### WORK REQUIRED
Please begin with the line containing "Rosdorf Park Kinzlee" and reproduce each line exactly until the records below end, without any pictures.

### DATA PROVIDED
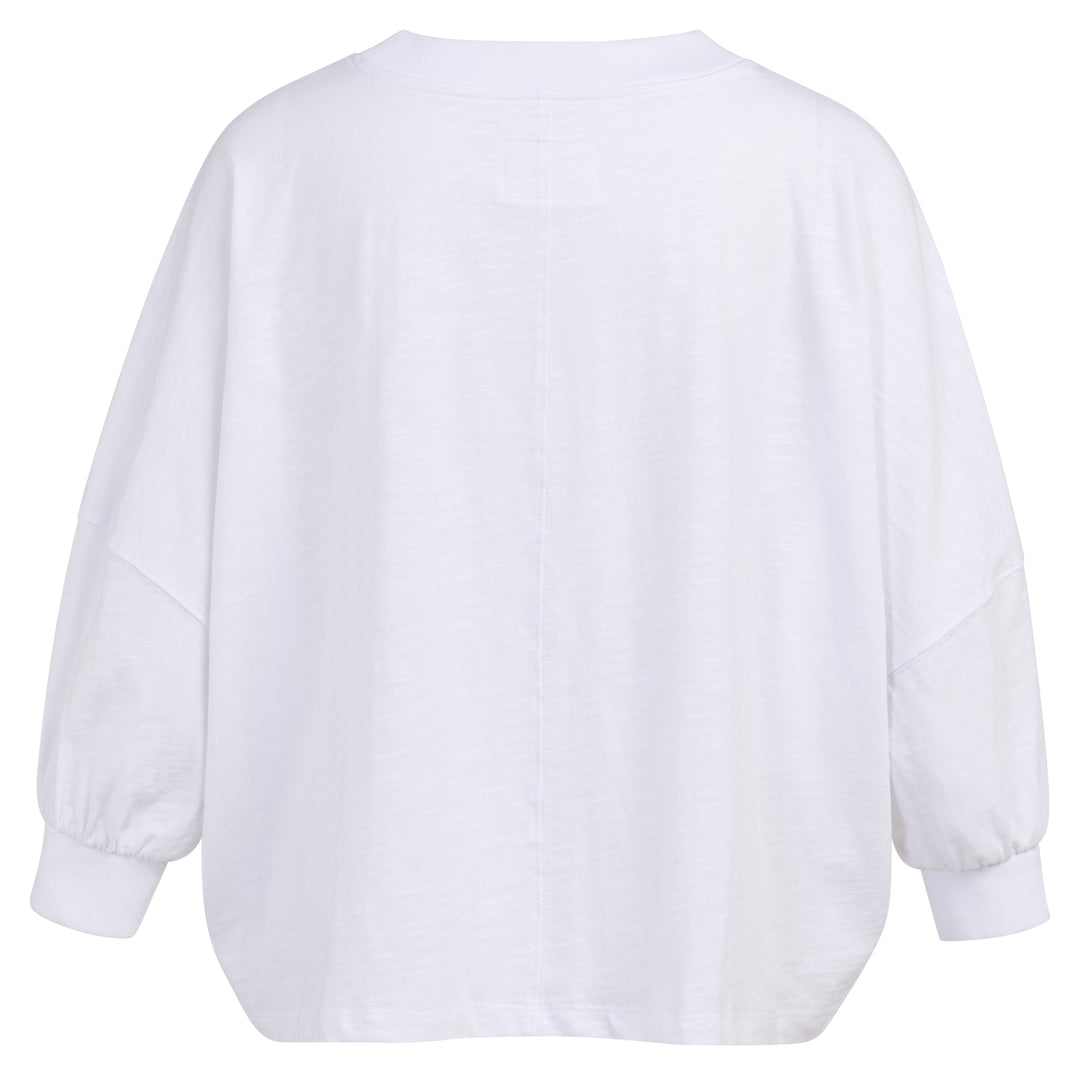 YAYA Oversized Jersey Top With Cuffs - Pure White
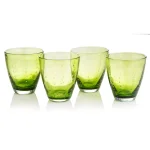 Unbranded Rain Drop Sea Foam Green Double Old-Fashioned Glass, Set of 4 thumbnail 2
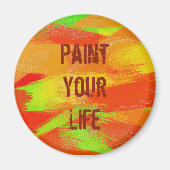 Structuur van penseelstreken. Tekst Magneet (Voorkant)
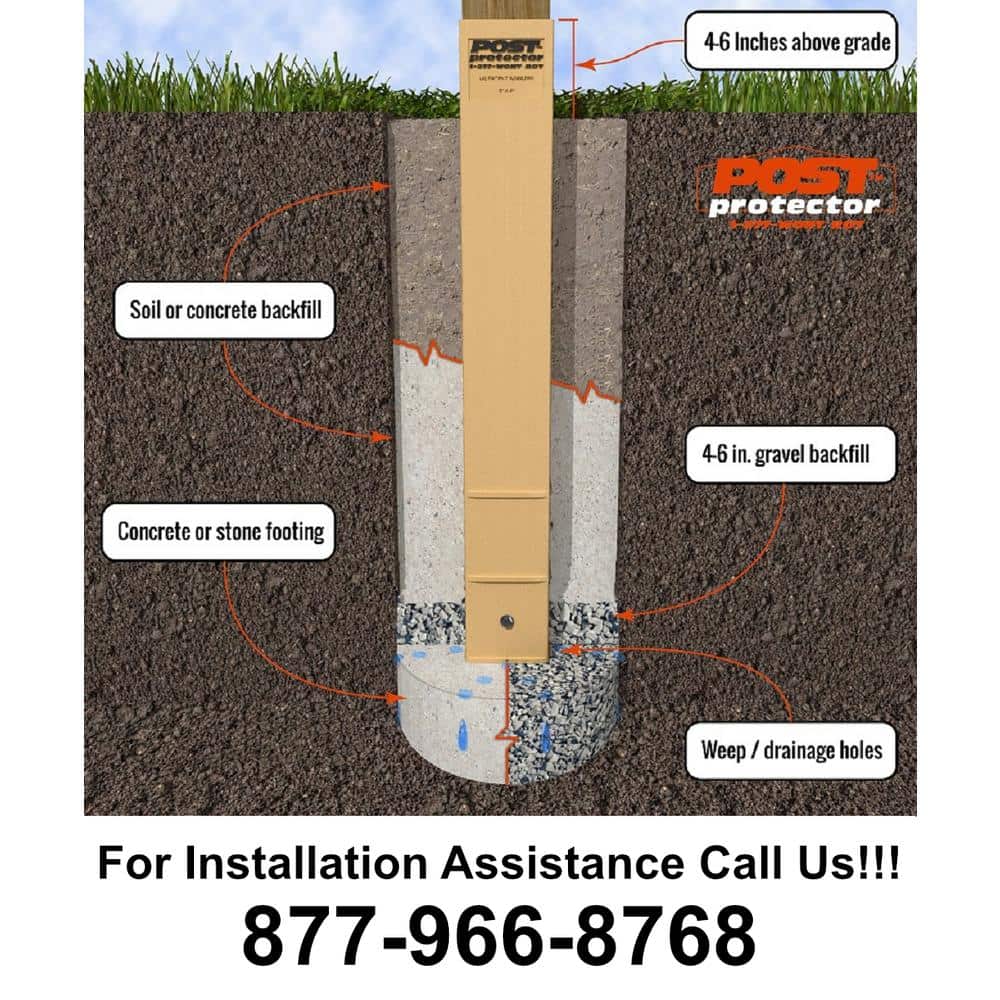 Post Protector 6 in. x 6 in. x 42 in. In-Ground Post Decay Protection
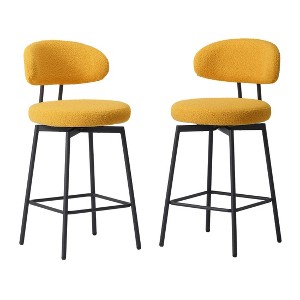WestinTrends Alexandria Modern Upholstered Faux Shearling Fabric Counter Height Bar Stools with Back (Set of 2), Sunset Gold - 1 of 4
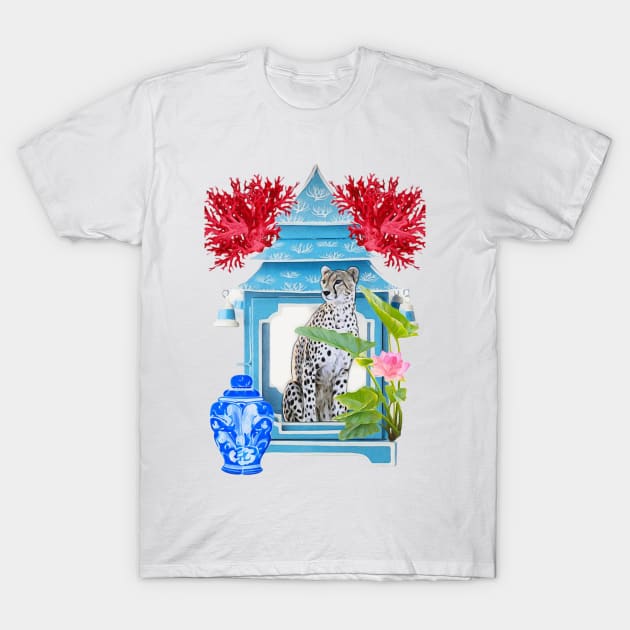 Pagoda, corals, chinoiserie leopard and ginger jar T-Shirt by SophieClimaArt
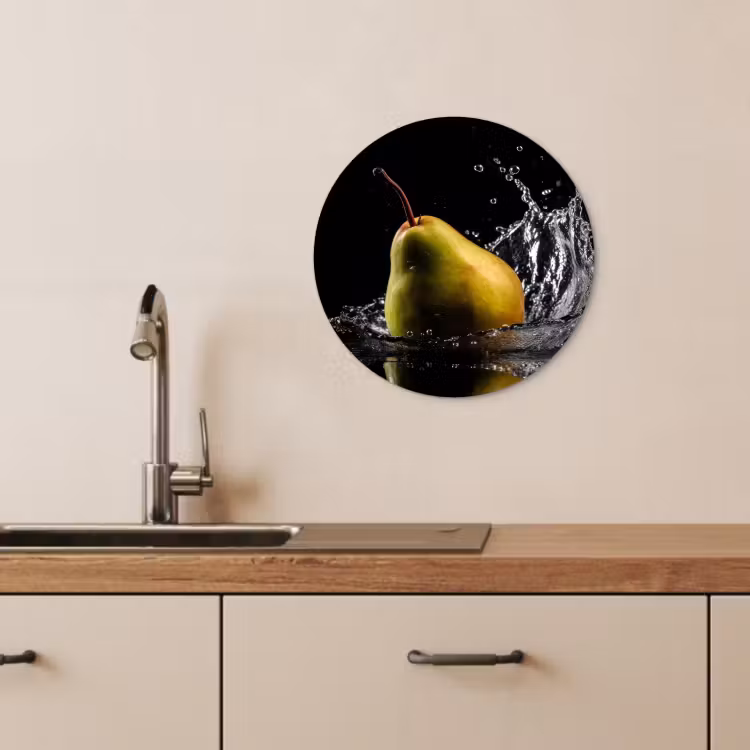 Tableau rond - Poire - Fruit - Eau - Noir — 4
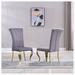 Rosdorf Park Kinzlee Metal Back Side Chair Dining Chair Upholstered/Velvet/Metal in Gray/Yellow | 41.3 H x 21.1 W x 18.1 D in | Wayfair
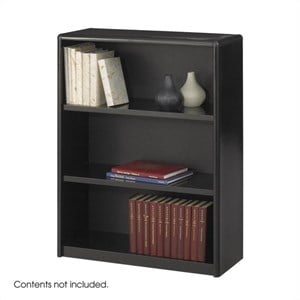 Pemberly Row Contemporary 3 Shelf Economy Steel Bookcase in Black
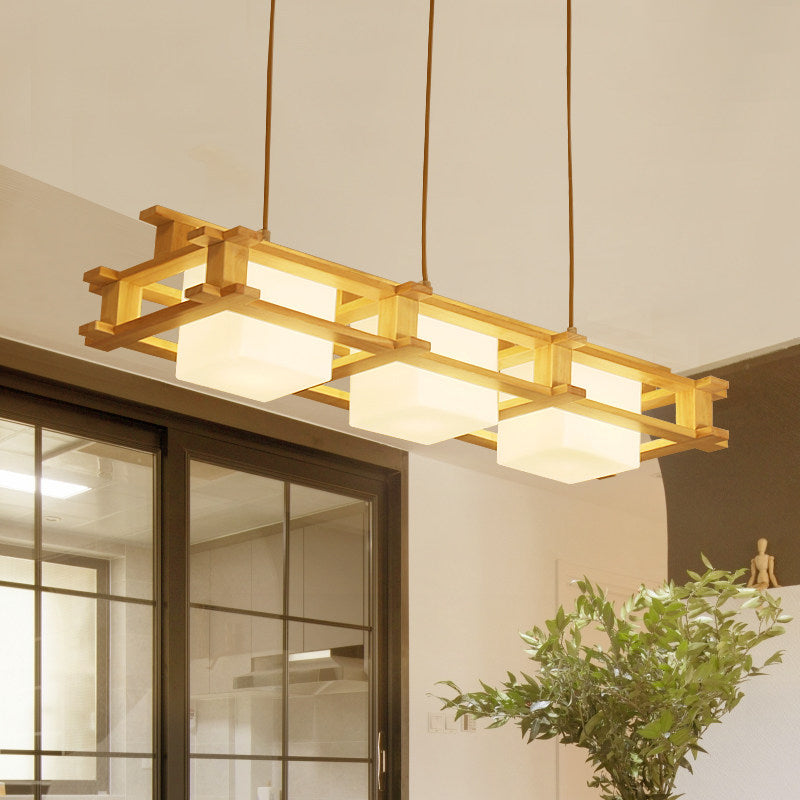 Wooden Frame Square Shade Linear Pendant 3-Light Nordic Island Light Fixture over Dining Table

### SOLUTION TO THIS PROBLEM
 Rosdorf Park Kinzlee Metal Back Side Chair Dining Chair Upholstered/Velvet/Metal in Gray/Yellow | 41.3 H x 21.1 W x 18.1 D in | Wayfair
 Pemberly Row Contemporary 3 Shelf Economy Steel Bookcase in Black
 Wooden Frame Square Shade Linear Pendant 3-Light Nordic Island Light Fixture over Dining Table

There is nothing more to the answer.